### Supplied entries
# # # # #
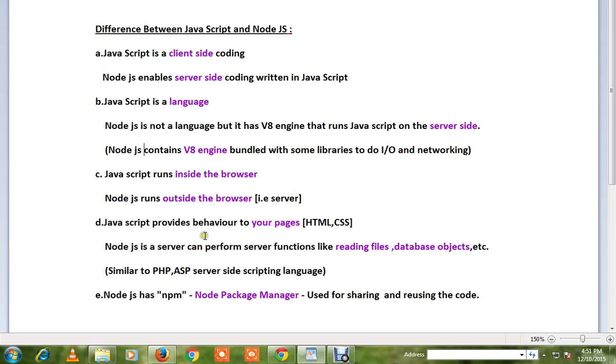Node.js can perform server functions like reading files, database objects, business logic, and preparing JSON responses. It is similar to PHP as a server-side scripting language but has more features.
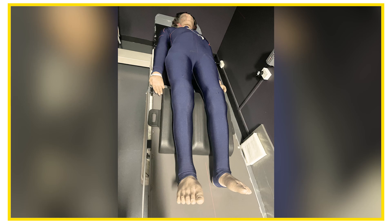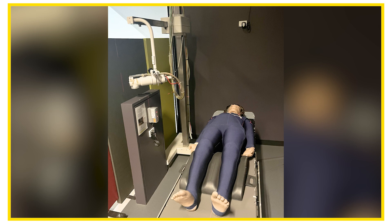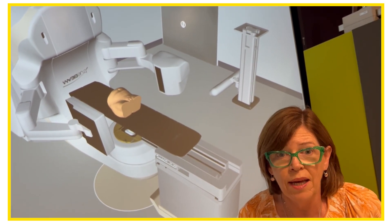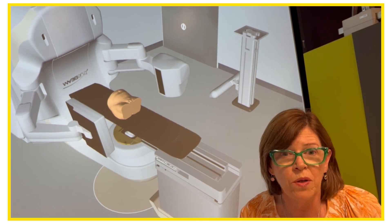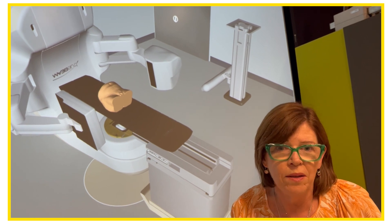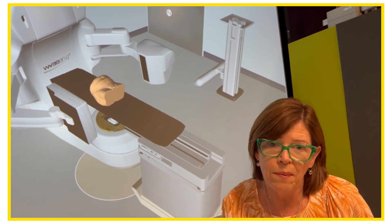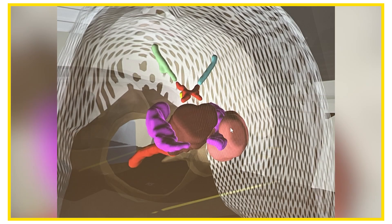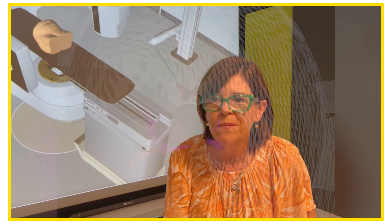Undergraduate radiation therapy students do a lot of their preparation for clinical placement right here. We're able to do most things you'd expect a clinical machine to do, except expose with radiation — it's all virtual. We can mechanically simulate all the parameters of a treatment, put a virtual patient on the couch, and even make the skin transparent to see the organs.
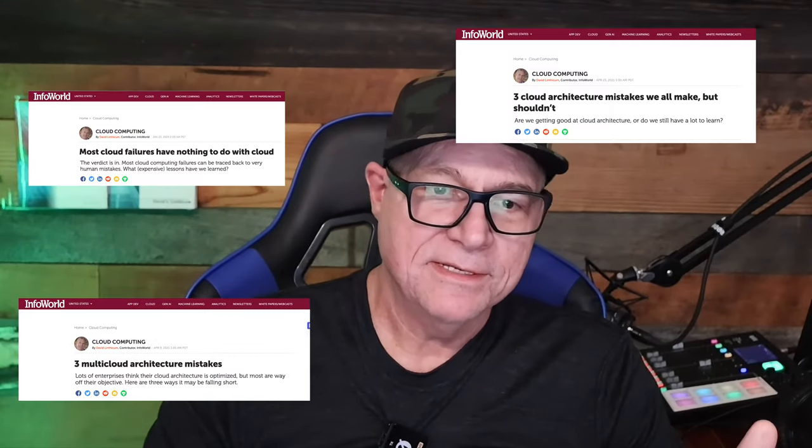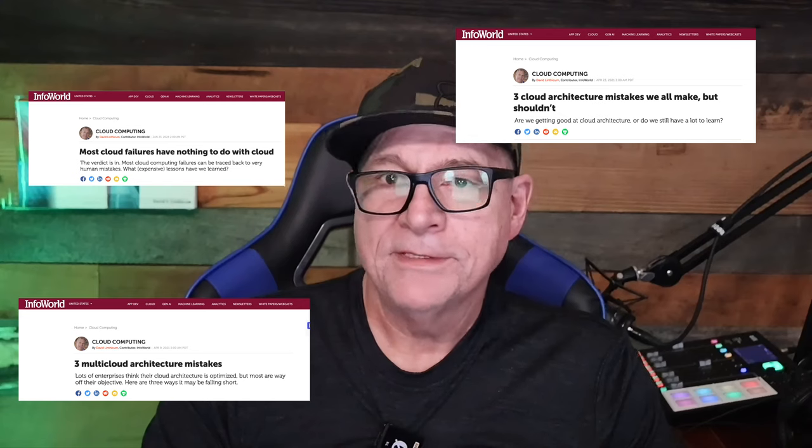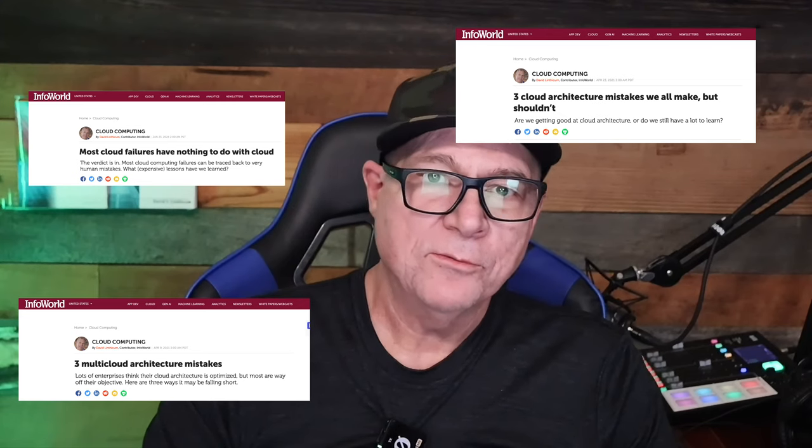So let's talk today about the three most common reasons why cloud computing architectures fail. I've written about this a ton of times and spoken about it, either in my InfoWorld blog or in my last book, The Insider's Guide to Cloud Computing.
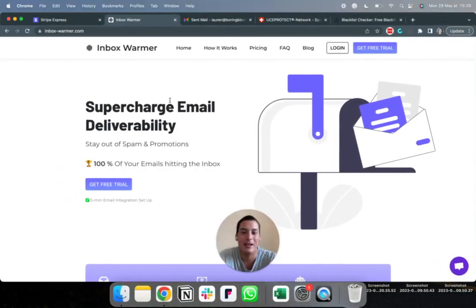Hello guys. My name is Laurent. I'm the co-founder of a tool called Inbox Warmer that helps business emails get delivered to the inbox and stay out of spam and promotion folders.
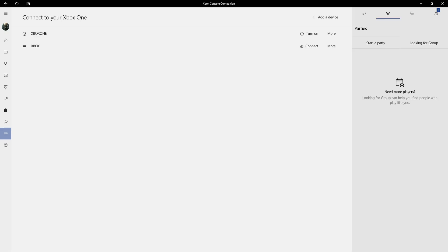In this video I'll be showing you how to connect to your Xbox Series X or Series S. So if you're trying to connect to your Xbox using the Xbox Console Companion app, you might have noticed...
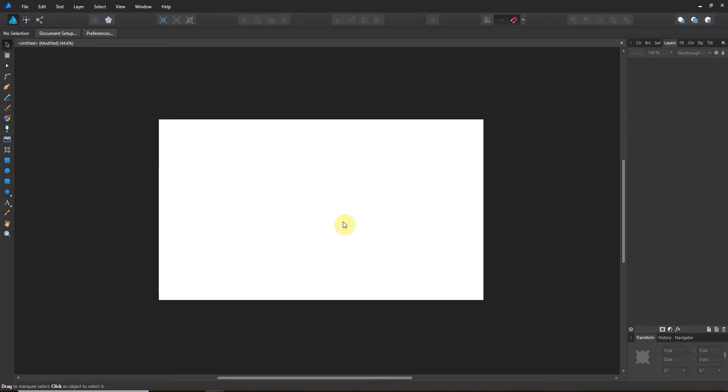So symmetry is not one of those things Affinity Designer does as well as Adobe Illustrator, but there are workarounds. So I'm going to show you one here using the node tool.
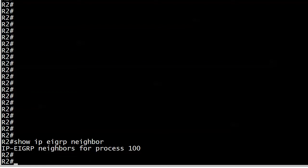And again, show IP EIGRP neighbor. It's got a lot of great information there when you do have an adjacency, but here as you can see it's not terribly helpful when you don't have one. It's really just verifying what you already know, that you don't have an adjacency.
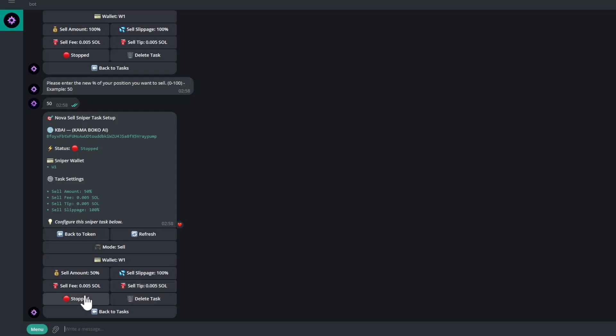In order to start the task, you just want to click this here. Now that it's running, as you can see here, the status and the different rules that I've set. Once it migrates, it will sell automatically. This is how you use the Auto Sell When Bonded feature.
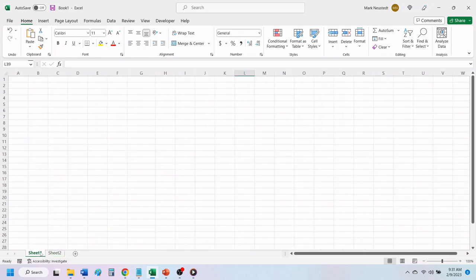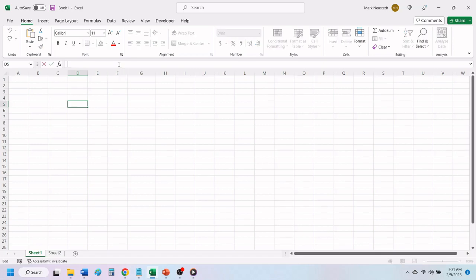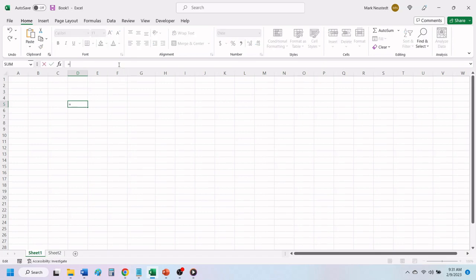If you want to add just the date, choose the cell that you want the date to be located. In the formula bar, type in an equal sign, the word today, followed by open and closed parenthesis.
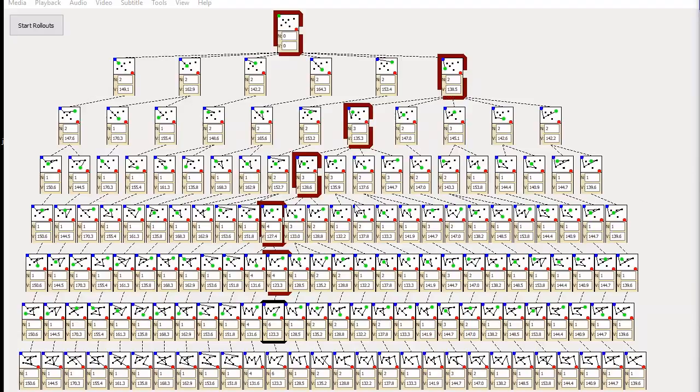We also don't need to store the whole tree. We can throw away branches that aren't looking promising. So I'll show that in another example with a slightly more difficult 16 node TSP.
# # # # #
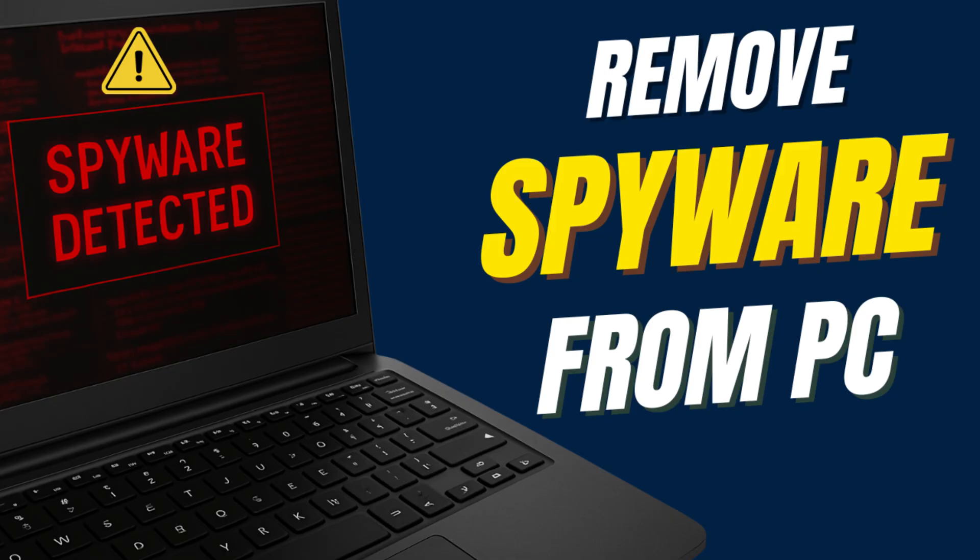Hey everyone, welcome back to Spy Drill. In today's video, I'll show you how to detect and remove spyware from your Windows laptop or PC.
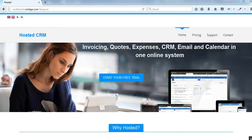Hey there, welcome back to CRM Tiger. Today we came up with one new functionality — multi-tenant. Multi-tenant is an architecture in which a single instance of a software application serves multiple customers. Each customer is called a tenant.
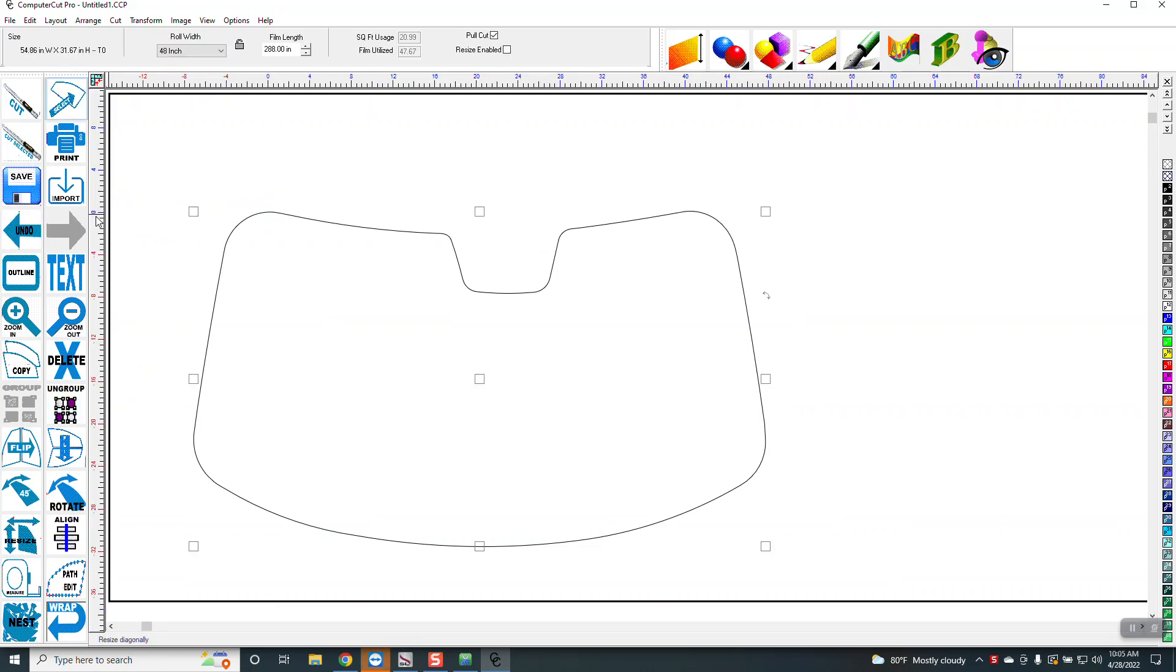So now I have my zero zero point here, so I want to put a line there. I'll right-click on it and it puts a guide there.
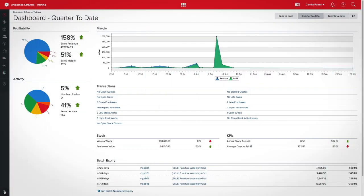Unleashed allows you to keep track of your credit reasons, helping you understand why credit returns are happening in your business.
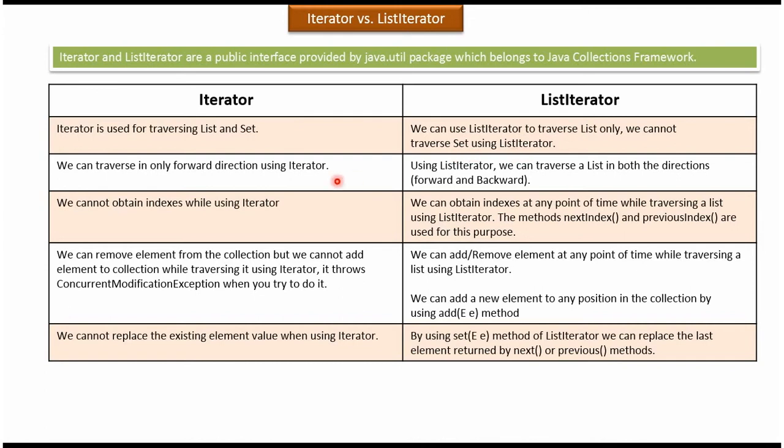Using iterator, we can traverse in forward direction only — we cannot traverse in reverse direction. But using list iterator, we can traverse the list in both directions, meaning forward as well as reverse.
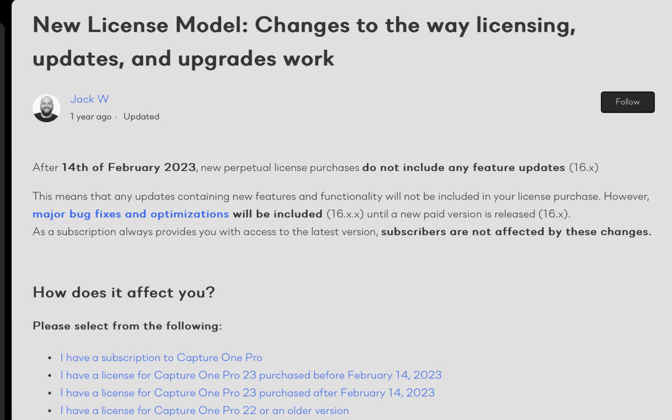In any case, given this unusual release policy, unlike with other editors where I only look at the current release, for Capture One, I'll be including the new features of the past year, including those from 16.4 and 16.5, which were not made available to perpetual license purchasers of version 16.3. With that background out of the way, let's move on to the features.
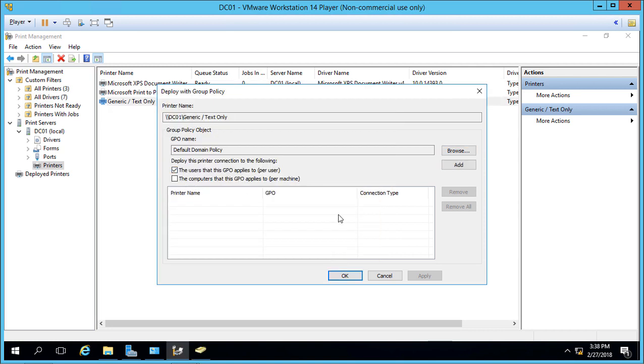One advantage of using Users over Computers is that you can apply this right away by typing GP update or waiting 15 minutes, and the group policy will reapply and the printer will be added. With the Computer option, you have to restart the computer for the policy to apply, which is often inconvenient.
# # # # #
### Your objective
Nothing but the lines from the one with "Hey there, welcome" up to and including the one with "Unleashed allows you" should be printed, exactly as they read above. Please keep the pictures out.

### Result below
Hey there, welcome back to CRM Tiger. Today we came up with one new functionality — multi-tenant. Multi-tenant is an architecture in which a single instance of a software application serves multiple customers. Each customer is called a tenant.
So now I have my zero zero point here, so I want to put a line there. I'll right-click on it and it puts a guide there.
Unleashed allows you to keep track of your credit reasons, helping you understand why credit returns are happening in your business.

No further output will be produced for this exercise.